Noting that unknown probabilities can be determined by repeated experiments and that many repetitions seem to increase the precision, he continues as follows, announcing the law of large numbers and advocating the use of statistics in medicine and meteorology.

    "Although this is naturally known to anyone, the proof based on scientific principles is by no means trivial, and it is our duty to explain it.
However, I would consider it a small achievement if I could only prove what everybody knows anyway. There remains something else to be considered, which perhaps nobody has thought of. Namely, it remains to inquire, whether by thus augmenting the number of experiments the probability of getting a genuine ratio between numbers of cases, in which some event may occur or fail, also augments itself in such a manner as finally to surpass any given degree of certitude; or whether the problem, so to speak, has its own asymptote; that is, there exists a degree of certitude which never can be surpassed no matter how the observations are multiplied; for instance that it never is possible to have a probability greater than 1/2, 2/3 or 3/4 that the real ratio has been attained. To illustrate this by an example, suppose that, without your knowledge, 3000 white stones and 2000 black stones are concealed in a certain urn, and you try to discover their numbers by drawing one stone after another (each time putting back the stone drawn before taking the next one, in order to change the number of stones in the urn) and notice how often a white or black stone appears. The question is, can you make so many drawings as to make it 10 or 100 or 1000 etc. times more probable (that is, morally certain) that the ratio of the frequencies of the white and black stones will be 3 to 2, as is the case with the number of stones in the urn, than any ratio different from that? If this were not true, I confess nothing would be left of our attempt to explore the number of cases by experiments. But if this can be attained and moral certitude can finally be acquired (how that can be done I shall show in the next chapter) we shall have cases enumerated a posteriori with almost the same confidence as if
they were known a priori. And that, for practical purposes, where “morally certain” is taken for “absolutely certain” by Axiom 9, Chap. II. is abundantly sufficient to direct our conjecture in any contingent matter not less scientifically than in games of chance.

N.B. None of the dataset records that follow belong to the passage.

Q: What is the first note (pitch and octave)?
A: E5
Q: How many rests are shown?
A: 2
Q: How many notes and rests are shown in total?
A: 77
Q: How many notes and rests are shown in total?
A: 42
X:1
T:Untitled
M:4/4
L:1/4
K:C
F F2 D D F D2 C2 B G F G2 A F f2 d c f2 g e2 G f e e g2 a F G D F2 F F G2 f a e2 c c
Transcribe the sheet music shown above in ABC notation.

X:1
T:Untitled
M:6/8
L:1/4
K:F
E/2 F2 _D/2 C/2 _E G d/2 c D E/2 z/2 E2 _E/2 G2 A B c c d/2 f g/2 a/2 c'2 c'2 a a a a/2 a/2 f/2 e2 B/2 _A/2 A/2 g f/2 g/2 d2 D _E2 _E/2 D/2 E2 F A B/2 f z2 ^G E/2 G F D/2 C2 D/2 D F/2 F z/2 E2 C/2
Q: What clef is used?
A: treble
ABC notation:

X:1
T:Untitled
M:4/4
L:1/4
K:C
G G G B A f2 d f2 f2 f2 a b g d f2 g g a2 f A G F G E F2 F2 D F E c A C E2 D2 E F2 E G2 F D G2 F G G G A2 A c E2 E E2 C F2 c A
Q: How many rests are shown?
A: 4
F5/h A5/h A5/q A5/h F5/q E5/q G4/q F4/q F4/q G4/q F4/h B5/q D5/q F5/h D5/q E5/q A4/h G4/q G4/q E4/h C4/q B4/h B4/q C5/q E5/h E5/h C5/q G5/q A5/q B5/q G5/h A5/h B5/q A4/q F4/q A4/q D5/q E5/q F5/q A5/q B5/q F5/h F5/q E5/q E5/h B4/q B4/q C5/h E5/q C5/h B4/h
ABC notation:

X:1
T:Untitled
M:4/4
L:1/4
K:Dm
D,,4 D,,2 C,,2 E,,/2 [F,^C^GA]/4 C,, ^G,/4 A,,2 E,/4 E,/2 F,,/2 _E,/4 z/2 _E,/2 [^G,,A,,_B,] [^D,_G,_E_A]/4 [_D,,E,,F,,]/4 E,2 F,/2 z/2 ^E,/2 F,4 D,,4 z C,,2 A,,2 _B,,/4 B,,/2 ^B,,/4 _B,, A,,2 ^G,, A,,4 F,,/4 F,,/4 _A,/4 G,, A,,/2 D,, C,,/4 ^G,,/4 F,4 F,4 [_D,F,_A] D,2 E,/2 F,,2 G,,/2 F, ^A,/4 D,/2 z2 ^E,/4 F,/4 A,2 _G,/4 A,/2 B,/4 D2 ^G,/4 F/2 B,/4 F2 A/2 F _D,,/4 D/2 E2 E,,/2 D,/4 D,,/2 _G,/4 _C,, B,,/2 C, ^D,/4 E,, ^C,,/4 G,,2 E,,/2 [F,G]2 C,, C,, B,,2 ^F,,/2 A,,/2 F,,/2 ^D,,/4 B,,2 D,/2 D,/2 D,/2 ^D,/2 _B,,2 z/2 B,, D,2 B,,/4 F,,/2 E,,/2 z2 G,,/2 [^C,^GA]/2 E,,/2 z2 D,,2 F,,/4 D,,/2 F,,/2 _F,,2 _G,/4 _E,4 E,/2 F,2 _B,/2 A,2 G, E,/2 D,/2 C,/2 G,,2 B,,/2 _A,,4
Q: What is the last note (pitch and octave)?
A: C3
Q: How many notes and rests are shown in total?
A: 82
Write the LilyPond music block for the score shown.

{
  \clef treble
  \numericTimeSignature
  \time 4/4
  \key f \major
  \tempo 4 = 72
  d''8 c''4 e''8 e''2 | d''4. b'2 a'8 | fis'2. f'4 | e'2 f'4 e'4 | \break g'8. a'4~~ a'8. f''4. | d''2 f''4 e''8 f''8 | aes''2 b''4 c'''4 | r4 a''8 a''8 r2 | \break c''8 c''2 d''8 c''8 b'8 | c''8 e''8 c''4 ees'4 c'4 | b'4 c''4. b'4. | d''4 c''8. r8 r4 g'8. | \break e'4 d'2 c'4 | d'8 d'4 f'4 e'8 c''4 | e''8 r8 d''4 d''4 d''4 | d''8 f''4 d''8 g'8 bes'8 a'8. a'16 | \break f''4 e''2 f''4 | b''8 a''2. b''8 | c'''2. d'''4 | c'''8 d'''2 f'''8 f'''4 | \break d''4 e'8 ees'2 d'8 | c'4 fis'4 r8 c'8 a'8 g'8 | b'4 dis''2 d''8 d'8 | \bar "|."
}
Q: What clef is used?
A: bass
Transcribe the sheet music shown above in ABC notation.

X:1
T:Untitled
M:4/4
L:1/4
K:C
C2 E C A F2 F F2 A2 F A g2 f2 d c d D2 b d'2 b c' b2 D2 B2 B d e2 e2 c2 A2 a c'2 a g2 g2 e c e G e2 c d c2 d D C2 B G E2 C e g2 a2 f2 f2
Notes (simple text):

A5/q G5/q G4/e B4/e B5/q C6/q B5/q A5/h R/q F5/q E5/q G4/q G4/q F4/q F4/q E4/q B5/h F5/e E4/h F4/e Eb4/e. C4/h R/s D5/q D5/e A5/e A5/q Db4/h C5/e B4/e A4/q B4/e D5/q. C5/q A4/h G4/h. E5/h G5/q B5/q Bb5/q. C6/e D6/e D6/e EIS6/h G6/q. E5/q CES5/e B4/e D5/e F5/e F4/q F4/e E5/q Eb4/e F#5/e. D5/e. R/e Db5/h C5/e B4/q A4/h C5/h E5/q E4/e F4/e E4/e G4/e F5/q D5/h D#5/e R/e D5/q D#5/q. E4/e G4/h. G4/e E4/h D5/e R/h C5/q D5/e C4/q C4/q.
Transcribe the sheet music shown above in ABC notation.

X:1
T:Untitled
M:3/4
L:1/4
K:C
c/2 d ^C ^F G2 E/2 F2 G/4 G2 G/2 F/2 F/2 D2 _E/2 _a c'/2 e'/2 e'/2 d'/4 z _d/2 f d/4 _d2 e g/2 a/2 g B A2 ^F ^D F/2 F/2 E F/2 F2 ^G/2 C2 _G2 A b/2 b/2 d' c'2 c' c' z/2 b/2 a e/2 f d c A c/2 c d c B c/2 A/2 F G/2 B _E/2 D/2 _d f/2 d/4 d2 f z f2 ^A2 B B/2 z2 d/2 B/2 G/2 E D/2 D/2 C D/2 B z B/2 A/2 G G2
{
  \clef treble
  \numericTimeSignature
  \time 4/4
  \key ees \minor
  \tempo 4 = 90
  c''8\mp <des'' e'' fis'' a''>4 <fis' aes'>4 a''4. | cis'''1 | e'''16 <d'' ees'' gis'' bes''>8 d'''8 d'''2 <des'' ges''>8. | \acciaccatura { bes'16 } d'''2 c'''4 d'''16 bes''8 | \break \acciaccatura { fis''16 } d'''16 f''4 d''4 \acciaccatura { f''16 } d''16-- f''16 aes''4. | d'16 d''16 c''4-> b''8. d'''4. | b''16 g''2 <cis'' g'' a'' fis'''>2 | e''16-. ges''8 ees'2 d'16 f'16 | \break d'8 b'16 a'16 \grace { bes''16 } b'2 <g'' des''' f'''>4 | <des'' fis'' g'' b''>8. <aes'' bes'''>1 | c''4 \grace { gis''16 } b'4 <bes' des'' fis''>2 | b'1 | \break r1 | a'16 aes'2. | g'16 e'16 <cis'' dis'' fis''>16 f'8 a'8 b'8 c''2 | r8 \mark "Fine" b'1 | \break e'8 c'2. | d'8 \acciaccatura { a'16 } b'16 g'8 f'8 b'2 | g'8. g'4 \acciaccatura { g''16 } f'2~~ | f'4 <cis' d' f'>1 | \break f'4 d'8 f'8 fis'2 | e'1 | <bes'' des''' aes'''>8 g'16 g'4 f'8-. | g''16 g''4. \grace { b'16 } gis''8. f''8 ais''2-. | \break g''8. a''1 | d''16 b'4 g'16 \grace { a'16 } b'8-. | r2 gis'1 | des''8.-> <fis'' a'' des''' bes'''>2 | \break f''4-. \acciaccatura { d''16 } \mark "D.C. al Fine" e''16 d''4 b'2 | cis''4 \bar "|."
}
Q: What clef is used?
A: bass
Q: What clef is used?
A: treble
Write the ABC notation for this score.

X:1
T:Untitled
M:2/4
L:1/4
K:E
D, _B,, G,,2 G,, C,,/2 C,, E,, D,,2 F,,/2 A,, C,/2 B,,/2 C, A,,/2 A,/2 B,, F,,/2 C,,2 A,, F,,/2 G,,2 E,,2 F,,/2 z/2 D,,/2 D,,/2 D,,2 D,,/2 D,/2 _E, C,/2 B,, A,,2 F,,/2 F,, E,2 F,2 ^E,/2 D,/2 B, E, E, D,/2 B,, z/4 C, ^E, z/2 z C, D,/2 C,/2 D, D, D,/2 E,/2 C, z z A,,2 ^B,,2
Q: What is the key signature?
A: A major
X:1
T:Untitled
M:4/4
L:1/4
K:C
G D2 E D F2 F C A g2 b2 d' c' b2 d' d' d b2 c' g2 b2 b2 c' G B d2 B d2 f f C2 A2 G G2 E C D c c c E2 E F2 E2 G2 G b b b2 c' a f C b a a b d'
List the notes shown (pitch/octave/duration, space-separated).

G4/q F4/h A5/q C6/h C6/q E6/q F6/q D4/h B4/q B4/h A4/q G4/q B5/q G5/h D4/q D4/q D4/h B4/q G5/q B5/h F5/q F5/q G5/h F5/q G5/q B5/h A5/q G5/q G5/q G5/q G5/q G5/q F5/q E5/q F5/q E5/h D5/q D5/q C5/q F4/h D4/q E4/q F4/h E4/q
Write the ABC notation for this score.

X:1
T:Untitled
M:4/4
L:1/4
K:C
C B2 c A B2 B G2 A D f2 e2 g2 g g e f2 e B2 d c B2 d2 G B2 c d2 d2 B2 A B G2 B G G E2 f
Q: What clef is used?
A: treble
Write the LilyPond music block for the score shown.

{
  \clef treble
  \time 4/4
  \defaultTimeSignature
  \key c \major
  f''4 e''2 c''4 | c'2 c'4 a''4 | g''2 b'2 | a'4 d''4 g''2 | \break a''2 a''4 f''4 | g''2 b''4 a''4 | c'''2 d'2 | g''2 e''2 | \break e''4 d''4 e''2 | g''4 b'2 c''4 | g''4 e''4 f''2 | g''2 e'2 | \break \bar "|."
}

    For if instead of an urn we take air or the human body, that contain in themselves sources of various changes or diseases as the urn contains stones, we shall be able in the same manner to determine by observations how much likely one event is to happen than another in these subjects.”

Literature
There is an overflow: of textbooks on probability and statistics. Willy Feller’s An Introduction to Probability and Its Applications (Wiley, 1968) faces mathematics squarely, is well written, and contains a lot of material.